Friends, many of you here have by grace through faith, been saved and are now freed from the bondage and consequences of Sin. PRaise God.
Perhaps you are here and you haven’t - just humbly, I’d invite you to ask Christ to forgive you now, and to follow him, and be saved.
But friend - like the israelites, we often stand at a cross roads - of knowing God has given us life, but being frustrated, and deciding to be like the people around us instead of owning our sojourning status till he returns.
We decide to make our babylon our home, isntead of working with the King to spread the message of the arrival of our Lord.
Like Adam and Eve, we are told to trust God as the ing and the lord - and yet we often play God ourselves. The kings of our own castles. Build our own legacy.

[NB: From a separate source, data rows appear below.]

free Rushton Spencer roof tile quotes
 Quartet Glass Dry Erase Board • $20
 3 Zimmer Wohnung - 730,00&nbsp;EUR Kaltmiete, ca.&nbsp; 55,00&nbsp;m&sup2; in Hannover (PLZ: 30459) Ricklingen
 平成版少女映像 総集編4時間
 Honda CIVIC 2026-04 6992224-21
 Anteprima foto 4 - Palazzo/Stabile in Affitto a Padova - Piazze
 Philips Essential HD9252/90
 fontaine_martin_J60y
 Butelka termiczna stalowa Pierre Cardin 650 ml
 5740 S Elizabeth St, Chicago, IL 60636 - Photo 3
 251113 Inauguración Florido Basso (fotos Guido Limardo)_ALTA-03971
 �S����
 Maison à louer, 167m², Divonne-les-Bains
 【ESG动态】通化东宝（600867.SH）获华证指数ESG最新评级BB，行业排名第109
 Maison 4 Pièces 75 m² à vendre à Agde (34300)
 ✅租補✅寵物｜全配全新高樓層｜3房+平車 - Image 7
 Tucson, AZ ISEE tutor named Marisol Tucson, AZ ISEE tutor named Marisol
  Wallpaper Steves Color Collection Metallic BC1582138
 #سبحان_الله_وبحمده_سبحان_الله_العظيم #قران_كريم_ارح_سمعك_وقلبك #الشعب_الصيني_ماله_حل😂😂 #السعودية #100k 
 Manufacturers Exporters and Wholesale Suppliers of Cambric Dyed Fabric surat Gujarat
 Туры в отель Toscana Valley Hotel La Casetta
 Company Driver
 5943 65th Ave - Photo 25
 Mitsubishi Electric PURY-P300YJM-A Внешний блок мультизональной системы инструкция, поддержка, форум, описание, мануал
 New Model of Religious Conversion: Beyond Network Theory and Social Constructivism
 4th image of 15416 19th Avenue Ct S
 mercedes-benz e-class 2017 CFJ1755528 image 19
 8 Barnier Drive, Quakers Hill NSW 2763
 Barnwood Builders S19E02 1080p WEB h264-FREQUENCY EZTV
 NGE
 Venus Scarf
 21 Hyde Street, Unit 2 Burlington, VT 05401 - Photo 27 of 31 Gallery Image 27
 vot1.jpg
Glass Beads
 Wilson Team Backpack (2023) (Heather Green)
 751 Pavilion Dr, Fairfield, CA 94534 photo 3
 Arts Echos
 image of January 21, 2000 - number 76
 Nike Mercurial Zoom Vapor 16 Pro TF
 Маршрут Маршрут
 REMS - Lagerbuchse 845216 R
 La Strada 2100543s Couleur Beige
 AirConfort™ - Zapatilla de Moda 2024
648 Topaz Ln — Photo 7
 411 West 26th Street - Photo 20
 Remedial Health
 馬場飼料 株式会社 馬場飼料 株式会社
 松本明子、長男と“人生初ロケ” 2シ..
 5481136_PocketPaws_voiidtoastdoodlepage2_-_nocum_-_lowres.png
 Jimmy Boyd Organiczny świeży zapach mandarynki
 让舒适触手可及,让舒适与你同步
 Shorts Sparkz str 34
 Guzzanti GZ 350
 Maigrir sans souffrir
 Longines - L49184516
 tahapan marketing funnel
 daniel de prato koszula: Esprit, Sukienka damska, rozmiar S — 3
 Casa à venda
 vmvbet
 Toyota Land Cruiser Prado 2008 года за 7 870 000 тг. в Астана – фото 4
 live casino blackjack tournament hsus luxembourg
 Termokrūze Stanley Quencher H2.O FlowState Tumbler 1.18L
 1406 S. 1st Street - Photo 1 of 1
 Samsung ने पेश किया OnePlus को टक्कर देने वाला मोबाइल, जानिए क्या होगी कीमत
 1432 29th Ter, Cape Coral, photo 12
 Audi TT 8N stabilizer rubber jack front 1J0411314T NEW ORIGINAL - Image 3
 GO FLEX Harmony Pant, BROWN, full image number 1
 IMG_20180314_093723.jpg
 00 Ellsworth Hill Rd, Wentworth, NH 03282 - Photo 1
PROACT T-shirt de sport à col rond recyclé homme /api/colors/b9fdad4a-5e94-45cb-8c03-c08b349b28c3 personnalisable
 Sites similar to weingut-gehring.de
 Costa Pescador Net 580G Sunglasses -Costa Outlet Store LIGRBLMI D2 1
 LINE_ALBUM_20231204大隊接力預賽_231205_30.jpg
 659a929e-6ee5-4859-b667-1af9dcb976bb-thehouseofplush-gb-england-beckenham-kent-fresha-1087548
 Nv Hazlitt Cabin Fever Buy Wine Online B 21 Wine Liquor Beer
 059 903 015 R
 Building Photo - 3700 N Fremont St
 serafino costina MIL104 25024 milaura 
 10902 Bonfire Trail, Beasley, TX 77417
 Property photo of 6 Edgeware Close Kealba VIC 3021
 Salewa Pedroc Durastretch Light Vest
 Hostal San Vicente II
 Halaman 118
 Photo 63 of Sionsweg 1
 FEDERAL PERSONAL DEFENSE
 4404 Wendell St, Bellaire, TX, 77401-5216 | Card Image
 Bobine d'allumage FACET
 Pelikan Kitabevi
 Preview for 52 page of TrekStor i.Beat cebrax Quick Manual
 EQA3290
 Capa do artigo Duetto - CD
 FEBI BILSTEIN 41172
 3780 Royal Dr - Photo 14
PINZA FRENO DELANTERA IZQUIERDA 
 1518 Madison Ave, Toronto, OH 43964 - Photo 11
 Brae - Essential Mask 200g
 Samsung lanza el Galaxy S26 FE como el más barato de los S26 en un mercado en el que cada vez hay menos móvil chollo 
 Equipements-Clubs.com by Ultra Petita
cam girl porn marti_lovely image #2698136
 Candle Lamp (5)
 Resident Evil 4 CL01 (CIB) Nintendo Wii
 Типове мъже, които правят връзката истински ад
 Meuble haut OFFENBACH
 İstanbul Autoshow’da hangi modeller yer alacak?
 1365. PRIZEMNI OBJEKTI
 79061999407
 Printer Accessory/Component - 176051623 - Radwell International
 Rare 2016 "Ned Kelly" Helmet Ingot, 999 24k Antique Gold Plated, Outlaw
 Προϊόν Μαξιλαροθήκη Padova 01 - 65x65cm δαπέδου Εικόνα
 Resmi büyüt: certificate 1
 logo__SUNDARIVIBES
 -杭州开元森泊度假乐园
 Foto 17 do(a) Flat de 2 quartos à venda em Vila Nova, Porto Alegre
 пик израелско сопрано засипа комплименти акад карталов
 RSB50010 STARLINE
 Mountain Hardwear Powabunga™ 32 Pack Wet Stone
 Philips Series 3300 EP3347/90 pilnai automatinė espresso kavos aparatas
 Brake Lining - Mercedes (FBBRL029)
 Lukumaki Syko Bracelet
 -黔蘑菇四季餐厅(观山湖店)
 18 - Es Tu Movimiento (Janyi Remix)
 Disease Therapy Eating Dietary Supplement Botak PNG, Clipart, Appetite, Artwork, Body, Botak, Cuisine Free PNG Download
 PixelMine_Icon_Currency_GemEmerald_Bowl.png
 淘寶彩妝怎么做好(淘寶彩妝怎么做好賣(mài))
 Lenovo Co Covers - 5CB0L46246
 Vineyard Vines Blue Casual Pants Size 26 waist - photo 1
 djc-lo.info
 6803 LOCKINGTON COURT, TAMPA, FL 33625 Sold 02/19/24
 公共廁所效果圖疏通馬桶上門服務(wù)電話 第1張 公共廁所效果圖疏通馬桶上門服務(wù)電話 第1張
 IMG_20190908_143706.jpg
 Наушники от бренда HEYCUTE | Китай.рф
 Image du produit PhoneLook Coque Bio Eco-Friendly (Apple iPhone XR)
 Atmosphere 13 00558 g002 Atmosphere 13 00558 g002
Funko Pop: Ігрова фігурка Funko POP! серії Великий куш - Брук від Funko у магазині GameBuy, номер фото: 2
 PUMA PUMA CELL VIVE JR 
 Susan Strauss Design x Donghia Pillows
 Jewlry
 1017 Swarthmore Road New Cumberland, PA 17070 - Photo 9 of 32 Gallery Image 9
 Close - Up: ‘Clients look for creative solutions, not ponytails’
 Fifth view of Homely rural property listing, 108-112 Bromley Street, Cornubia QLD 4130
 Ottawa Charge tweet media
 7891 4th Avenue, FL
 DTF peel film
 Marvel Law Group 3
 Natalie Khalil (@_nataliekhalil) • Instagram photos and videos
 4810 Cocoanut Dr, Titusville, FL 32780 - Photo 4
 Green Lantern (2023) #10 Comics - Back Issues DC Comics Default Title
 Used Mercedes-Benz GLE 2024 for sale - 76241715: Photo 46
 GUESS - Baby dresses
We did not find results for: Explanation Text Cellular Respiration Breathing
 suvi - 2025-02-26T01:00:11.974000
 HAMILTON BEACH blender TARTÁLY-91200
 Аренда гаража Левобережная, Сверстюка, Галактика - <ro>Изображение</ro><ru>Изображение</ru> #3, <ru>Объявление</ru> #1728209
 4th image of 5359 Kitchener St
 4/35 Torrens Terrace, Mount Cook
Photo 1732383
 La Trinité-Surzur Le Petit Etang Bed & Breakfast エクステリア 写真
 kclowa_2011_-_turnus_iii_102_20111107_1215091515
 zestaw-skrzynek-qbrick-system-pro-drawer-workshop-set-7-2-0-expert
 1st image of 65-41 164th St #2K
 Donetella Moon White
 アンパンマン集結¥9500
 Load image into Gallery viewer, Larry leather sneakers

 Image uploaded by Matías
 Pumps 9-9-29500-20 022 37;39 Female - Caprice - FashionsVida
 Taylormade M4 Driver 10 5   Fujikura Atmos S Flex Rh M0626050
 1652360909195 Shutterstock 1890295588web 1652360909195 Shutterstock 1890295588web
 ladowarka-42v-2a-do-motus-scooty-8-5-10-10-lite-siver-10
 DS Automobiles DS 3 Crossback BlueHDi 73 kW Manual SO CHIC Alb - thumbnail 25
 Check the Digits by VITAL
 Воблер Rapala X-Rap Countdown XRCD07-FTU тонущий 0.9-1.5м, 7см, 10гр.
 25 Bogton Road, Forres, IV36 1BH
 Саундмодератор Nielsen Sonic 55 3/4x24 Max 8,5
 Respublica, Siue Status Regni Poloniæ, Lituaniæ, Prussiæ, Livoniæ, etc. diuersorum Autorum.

Friend - there is now a new tree for us to stand at and consider. A Tree on which the prince of glory gave it all for us. Where wrath and mercy and love all meet.
Would we remember that we are in need of a savior, time and time again, and to come to the cross - and choose to follow Christ as king, rather than make our bed in wilderness or egypt.
This is not our home! BUT We do partner with God to raise the spiritual tmeperature of south eastern South Dakota and our world by the proclaimation of the gospel.
So What?
So, would you at the tree, choose obedience, and choose to in faith follow Christ, and would you love God and love your neighbors - rather than making ourselves comfortable in the here and now.
For Christ is coming again. And he promises new creation. Where there is no sin, no death, no sorrow, no pain. A promise land that extends for eternity into the future, What a glorious reality that is and will be.
So don’t take your eyes of Christ - god with us. Emmanuel.